In this contribution, we show how seismic data acquired in dense networks can be used to monitor the evolution of meteorological events, including rainfall and thunderstorm, with an unprecedented detail. We will use data acquired in the Cerdanya basin (eastern Pyrenees) between April and late June 2021 in the framework of the SANIMS project (Spanish M. of Science, Innovation and Universities, Ref.: RTI2018-095,594-B-I00), that focused on the application and development of methods based on ambient noise seismic data to image and monitor natural and human-altered environments. The motivation to use this dataset as a tool to investigate meteorological events comes from the fact that during the quality control procedure of the data, we noticed a time correspondence between intervals of increased noise and the rainfall episodes experienced by the field teams.

The Cerdanya basin is a relatively small Neogene basin located in the eastern part of the Pyrenean Axial Zone, extending about 35 km along the NE-SW / ENE-WSW direction with a maximum width of 5–7 km and an approximate area of around 250 km2. The basin is crossed by the Segre River, one of the main tributaries of the Ebro River and its mean altitude is of 1100 m, with surrounding mountains reaching 2500–2900 m. It is limited to the East by the Alp-Têt fault, a major accident in the eastern Pyrenees formed by NE-SW right-stepping en-echelon faults and E-W oriented faults that play a major role in the recent tectonic evolution of the zone. The maximum thickness of the basin, located in its SW zone, has been estimated to 650 m from 2D seismic and magnetotelluric profiles18.

Due to surrounding orography and geographical location of the basin, wind circulation is driven by slope and along-valley winds19 under weak synoptic winds. Extreme minimum absolute temperatures occur during winter, leading to strong cold-air pools20. Precipitation events occur both in warm and cold seasons, some of them associated with meridional synoptic flows impinging perpendicularly to the mountain ranges21,22,23.

Datasets

Seismic dataset

During the SANIMS project, the Cerdanya Basin has been explored using two different seismic networks, each designed with specific objectives. First, a network of broad-band seismic stations, including 10 sites in the Cerdanya zone and 14 additional sites distributed around, was operated between September 2019 and November 2020 (red dots in Fig. 1). The deployment includes stations distributed along the axis of the basin, with an interstation distance close to 4 km.

Figure 1
figure 1

Cerdanya basin topographic map showing the broad-band stations (red dots) and the high-density seismic network (blue dots). Green stars show the location of the Puigcerdà (YA code) and Das (DP code) meteorological stations. Black boxes and the corresponding labels show the locations of towns. The topographic database was retrieved from CIAT-CSI SRTM (http://srtm.csi.cgiar.org)24.

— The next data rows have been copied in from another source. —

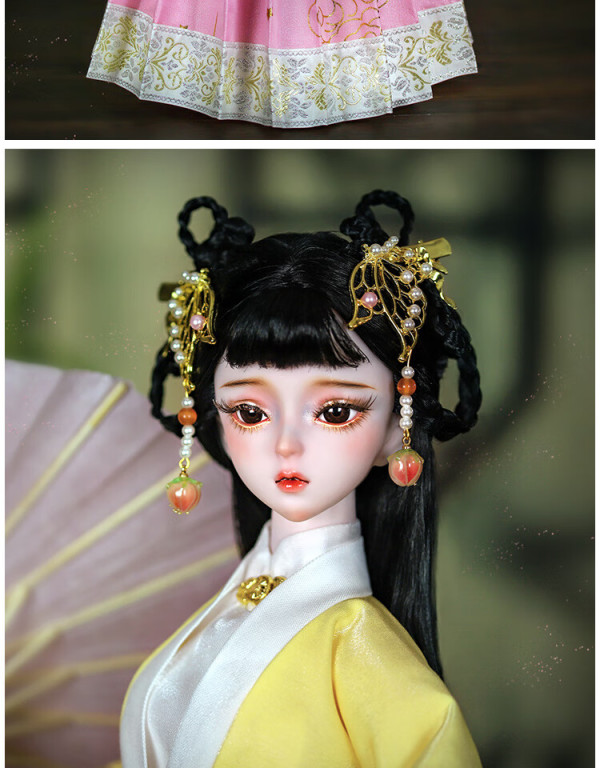 德必胜换装bjd洋娃娃玩偶儿童巴比公主玩具女孩仿真人偶sd女娃女生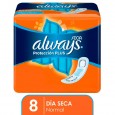 TOALLITA FEMENINA ALWAYS SIN ALAS 8 un ( u x b 12)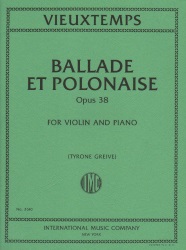 Ballade et Polonaise, Op. 38 - Violin and Piano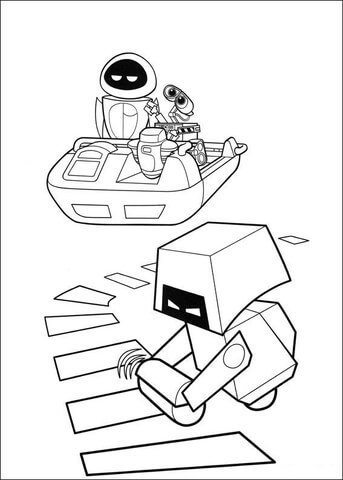 Cleaning robot is looking for wall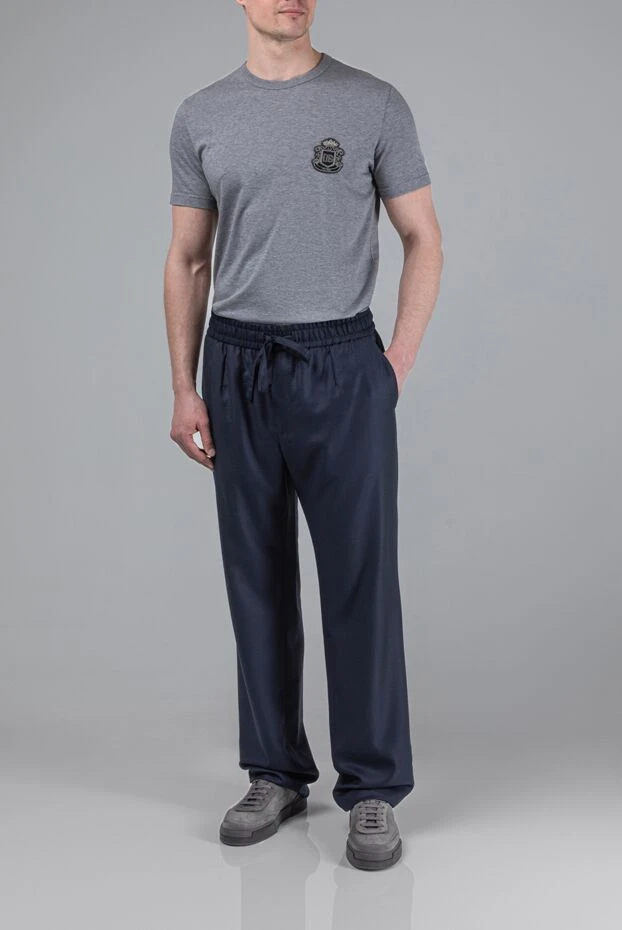 Dolce & Gabbana gray cotton jersey t-shirt with heraldic dg embroidery 193377 - photo 2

Later on, a denser deployment using up to 140 high frequency seismic sensors was operated between April and June 2021, covering an area of 300 km2 in the Cerdanya basin with a station spacing of about 1.5 km. The data is acquired continuously with a sampling frequency of 250 samples per second. The sensors used can record accurately signals with frequencies above 1 Hz. The spacing between stations allow for the detection of variations in seismic amplitude with an excellent resolution and will hence provide the backbone of the results discussed here.

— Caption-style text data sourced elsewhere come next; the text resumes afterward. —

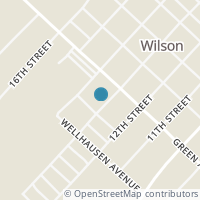 Map location of 1503 13Th St, Wilson TX 79381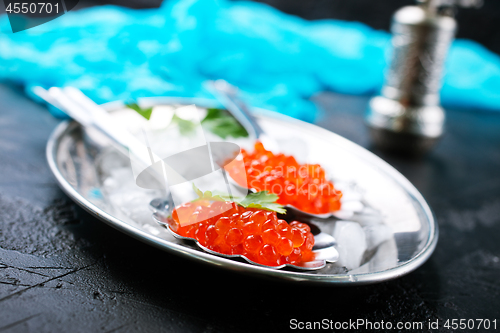 Image of salmon caviar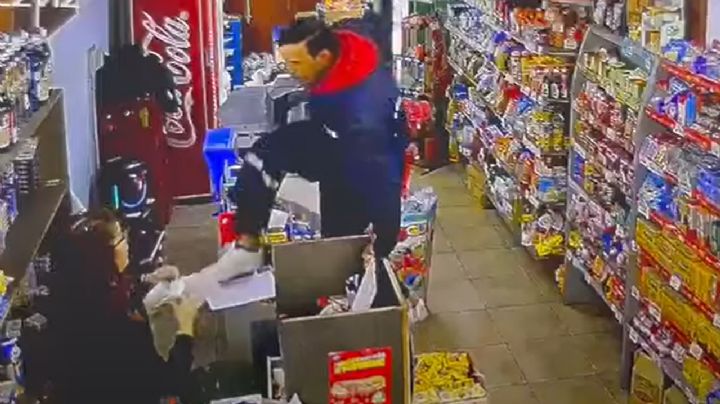 Video: brutal asalto en un kiosco de Ciudad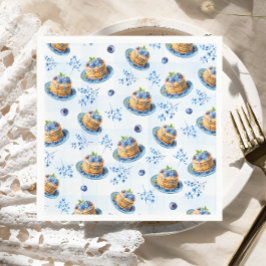 Guardanapo De Papel Chá de fraldas de Blueberry Pancake Baby Brunch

Although data from the three components (vertical, north/south and east/west) were acquired in both deployments, this study focuses on analysis of the vertical components. As part of the quality checking procedure, the spectrograms of the seismic stations have been systematically calculated, using window lengths of 30 min, with a 50% of overlapping. Figure 2 shows the spectrograms for a 10-day period at six representative sites covering different zones of the basin. It is easy to observe that during specific time periods, large values of energy at frequencies above 40 Hz are observed simultaneously at all the stations. At the stations located in quiet areas (e.g. C003, C118 in Fig. 2) these episodes of increased energy can be identified down to frequencies around 10 Hz. However, at stations located in nosier settings (e.g., C073 in Fig. 2), the effect of anthropogenic sources clearly dominates at frequencies below 30–40 Hz, as shown by the 24 h period of the energy variations. Meng et al.25 have shown that seismic signals generated by cars cannot be detected for frequencies above 30 Hz at distances of only few hundred of meters. Therefore, a plausible hypothesis is that these periods of large amplitude observed at multiple stations relate to meteorological phenomena, such as wind bursts or rainfall episodes. To check this hypothesis, we have filtered the seismic data to keep only frequencies above 40 Hz and we have gathered the meteorological data available in the area.

Figure 2
figure 2

Spectrograms corresponding to the 26/4–6/5/2021 period for representative stations distributed along the network. Yellowish colors correspond to large energy levels. The time intervals with higher energy at frequencies above 40 Hz (red dashed boxes) can be identified at each site.

Meteorological dataset

The meteorological station network managed by the Meteorological Service of Catalonia (SMC)26,27 includes two automatic stations near Puigcerdà and Das, both located in the central part of the basin and are separated by about 8 km (Fig. 1). Regarding rainfall, the available data refers to accumulated precipitation in 30-min intervals. Wind speeds are measured every 30 min at 10 m above ground level. The data during the period of interest is presented in Suppl. Figure 1.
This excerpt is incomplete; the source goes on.